The phrase “The true voyage of discovery does not consist in seeking new lands, but in having new eyes,” extracted with a certain freedom of synthesis from Marcel Proust’s In Search of Lost Time is perhaps one of his best known and used phrases, in various contexts and for various reasons.
It is certainly evocative and fascinating and, in some ways, reflects a different way of seeing things and dealing with problems, although personally I believe that, in a business context, it might be more accurate to say, “The real journey of discovery is to seek new lands and to do so with new eyes,” to highlight that in a global, fast, fluid, and competitive world, survival is almost always a matter of goals (the new lands) and the strategy to achieve them (the new eyes).
Seeing with Data
We live in a digital world, where data is our eyes, very effective ones, able to embrace a panoramic view, but also to go down to the finest detail, giving us so many stimuli that sometimes it is not at all obvious how to manage them, and we run the risk of losing them or even not being aware of having received them.
Ultimately, we risk not seeing what we are looking at, and this is not because we do not have enough data, but because we have so much that sometimes it becomes very difficult to manage. This is not from the point of view of sending or receiving the correct signals – technology is so mature that it now guarantees that nothing is lost – but because it is difficult for us to be fully aware of what our eyes have seen, as if our brains are not always able to keep up in making their selections.
This is why data needs to be managed as efficiently as possible, and if possible, at the exact moment that the data is generated, neither before nor after, because everything that happens is here and now, and if the goal is to know to act, then to produce the desired effects, the action must be prompt.
Looking vs. Seeing
Rather than more data, of which we already have more than enough, what we need is a new way of seeing, a way that guarantees agility and awareness, one that goes far beyond solving the technicalities related to data access and one that leads, instead, in the direction of the effective use of data, because the value that we can extract from data is in the use we make of it, just as the value of bricks is in the buildings we can build with them.
If we assume that “looking” equals collecting data and that “seeing” equals making use of it, then our efforts must focus on the latter, since everything has been said about the former and, perhaps, the problem is even to limit the bombardment of data, which is often so voluminous that instead of giving us information, they obscure the possibility of doing so.
To see in the best possible way, we must have a reference system that enables us to classify all of the data, because in order to transform the data into information units, we must have a conceptualization that enables us to place each record where it should be placed.

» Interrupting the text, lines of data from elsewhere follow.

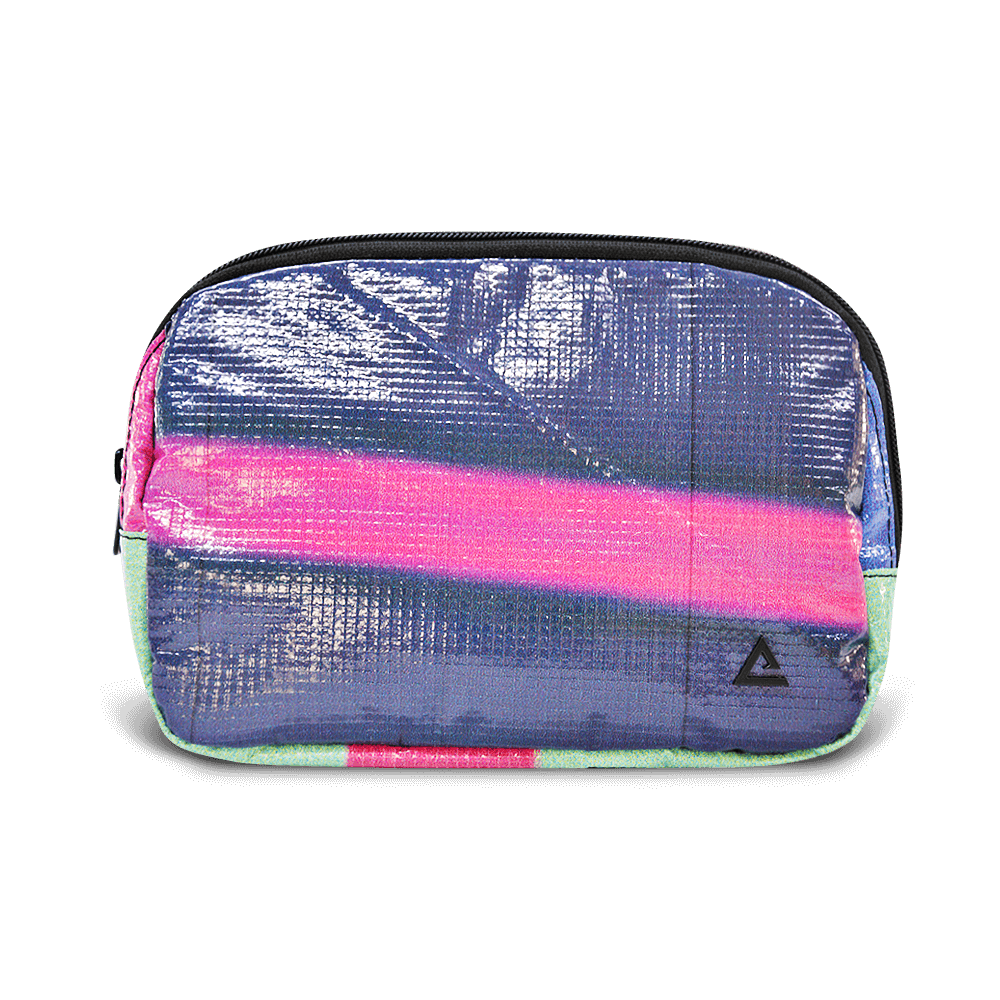 Zion Sling Bag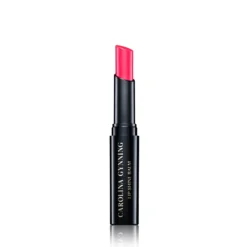 Gynning Beauty Lip Shine Balm Oh My Gad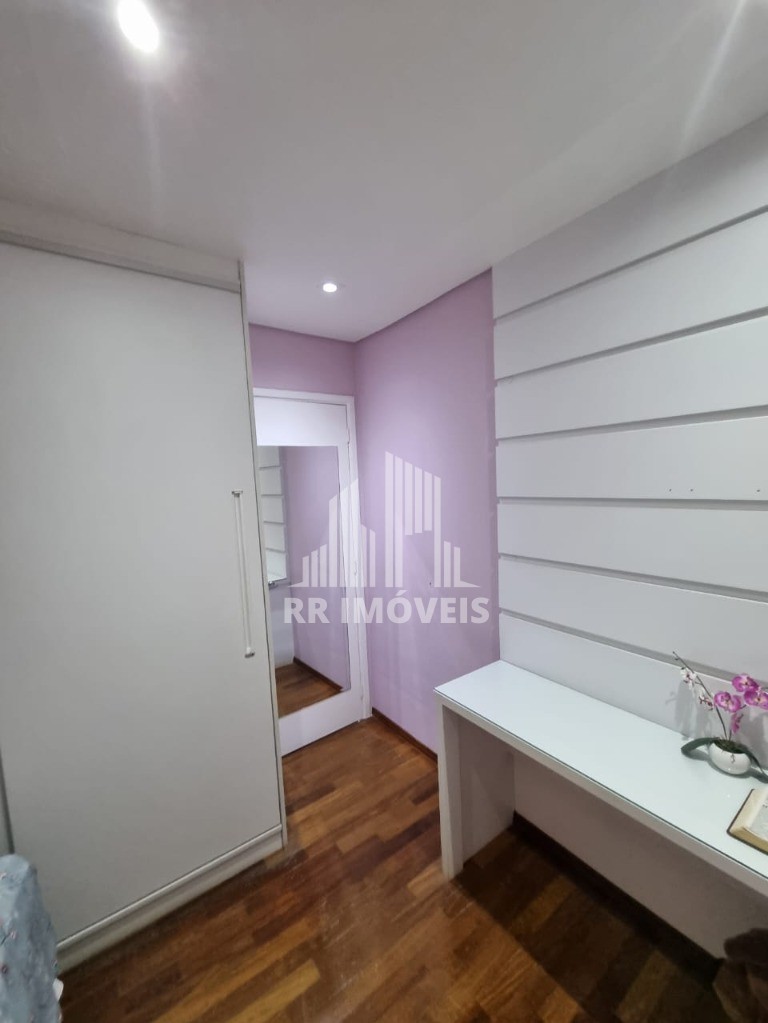 Apartamento à venda com 3 quartos, 110m² - Foto 23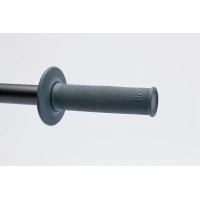 RENTHAL GRIPS ПОВНОЦІННЕ DIAMOND MEDIUM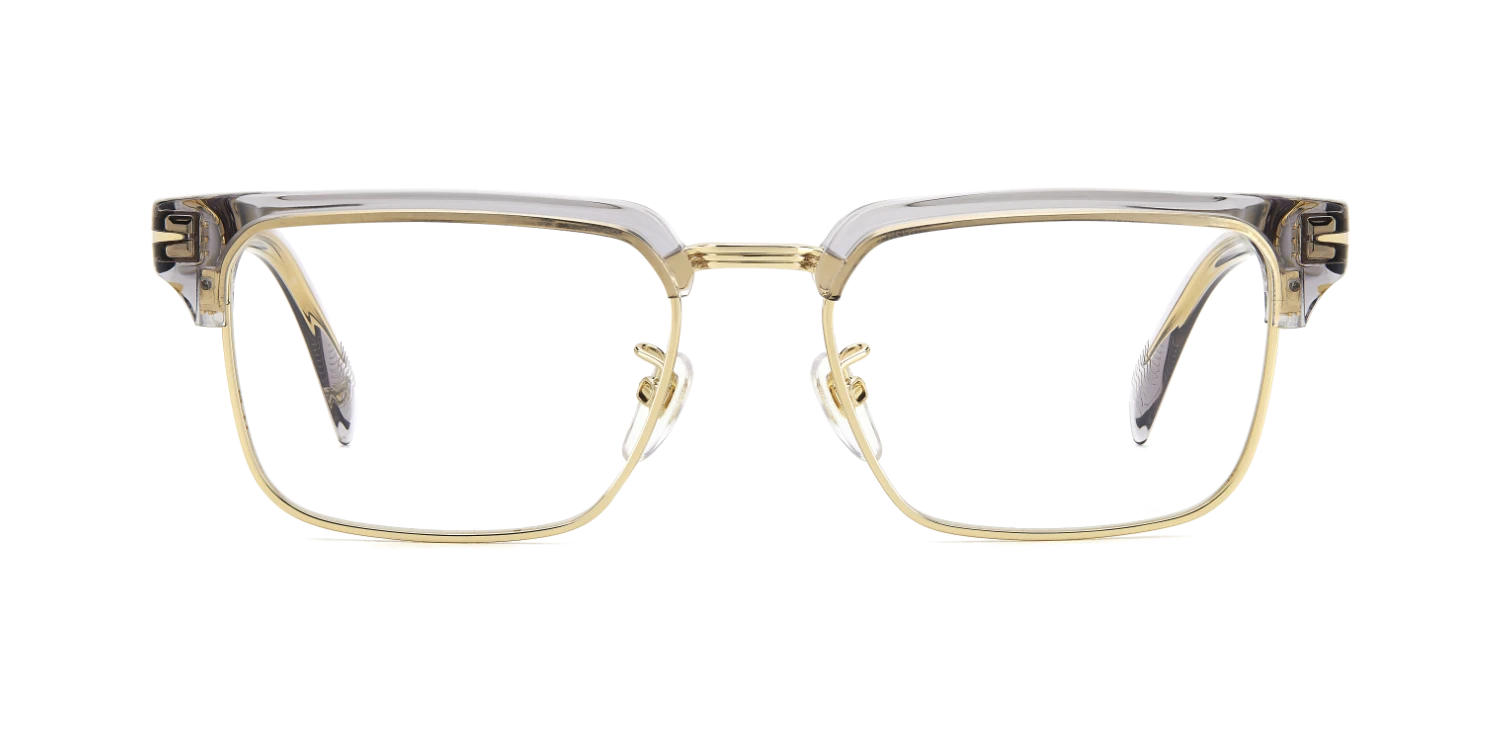 Glasögonbåge David-Beckham DB7112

We must also be able to share what we see, because we are part of a system, one in which sharing is a fundamental asset, as that enables us to be a system rather than the mere sum of its individualities.
Given that we have been able to see what we have looked at, we must also gain the ability to adapt what we have seen to what we need. We must be able to combine data from different sources so that it produces those representations that enable us to give meaning to what we have seen and, consequently, act according to what, in John Searle’s words, is our intentionality, that is, the way we use what we know to achieve our goals.
In summary, we must be able to intercept all data, however it is made and wherever it comes from; we must be able to synthesize this data and make it available, to combine it in order to go from looking to seeing; we need to be able to share what we have seen with others, because we are part of a system, and because we often have common purposes and, finally, we need to reduce the barriers to data access, because our goal is the democracy of data, the correct balance between keeping the information for itself (data dictatorship) and making it available without any rules and control (data anarchy).
Data Virtualization and a New Way of Seeing
If we accept the parallel between eyes and data then what we have to do and what we have just described leads us to imagine a data management system that enables us to implement everything we have talked about. From this point of view, to base such a system on a data virtualization approach is an excellent starting point, considering that this would enable us to:
- Reach data easily, wherever it is and whatever format it is in.
- Combine data to produce richer information constructs, to the point of generating knowledge and wisdom;
- Separate the data in its logical and physical component (or intentional and extensional), so that meaning and signifier are clearly distinguishable. In other words, there must be a clear separation between the meaning of the data and resulting realizations.
- Easily consult the data without having to be aware of the syntax that regulates the native format. In other words, for each data set, it must be possible to represent it in a standard format that is reasonably known, easy to read and, of course, semantically equivalent to its native format.
From this point of view, therefore, data virtualization represents a new way both to look and to see, one that enables us to not only manage data more effectively, but also to place data in a wider interpretative context that extends its potential value.